Edward Livingston Taylor Jr. (August 10, 1869 – March 10, 1938) was an American lawyer and politician who served four terms as a U.S. representative from Ohio from 1905 to 1913.

==Biography ==
Born in Columbus, Ohio, he was the son of Edward (Sr,) and Kathryn (Myers) Taylor. Edward Sr. was the son of David Taylor, the founder of Truro Township and his wife Margaret Livingston, related to the Livingston and Schuyler families of New York.

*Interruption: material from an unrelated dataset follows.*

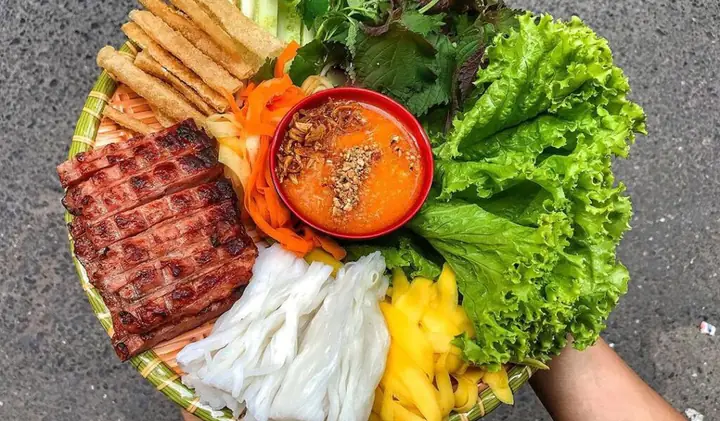 Hình Ảnh Nem Nướng Nha Trang: Đặc Trưng Và Nơi Thưởng Thức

Taylor attended public school and graduated from the Columbus High School. He went on to study law. He married Marie Firestone Taylor.
He was admitted to the bar in 1891 and commenced practice in Columbus.
He served as prosecuting attorney of Franklin County 1899–1904.

===Congress ===
Taylor was elected as a Republican to the Fifty-ninth and to the three succeeding Congresses (March 4, 1905 – March 4, 1913).
He was an unsuccessful candidate for reelection in 1912 to the Sixty-third Congress.

===Personal life===
He continued the practice of law in Columbus, Ohio, until his death of throat and larynx cancer on March 10, 1938, at his modest home on Granville Street in the Woodland Park neighborhood of Columbus.
He was interred in Greenlawn Cemetery, Columbus, Ohio.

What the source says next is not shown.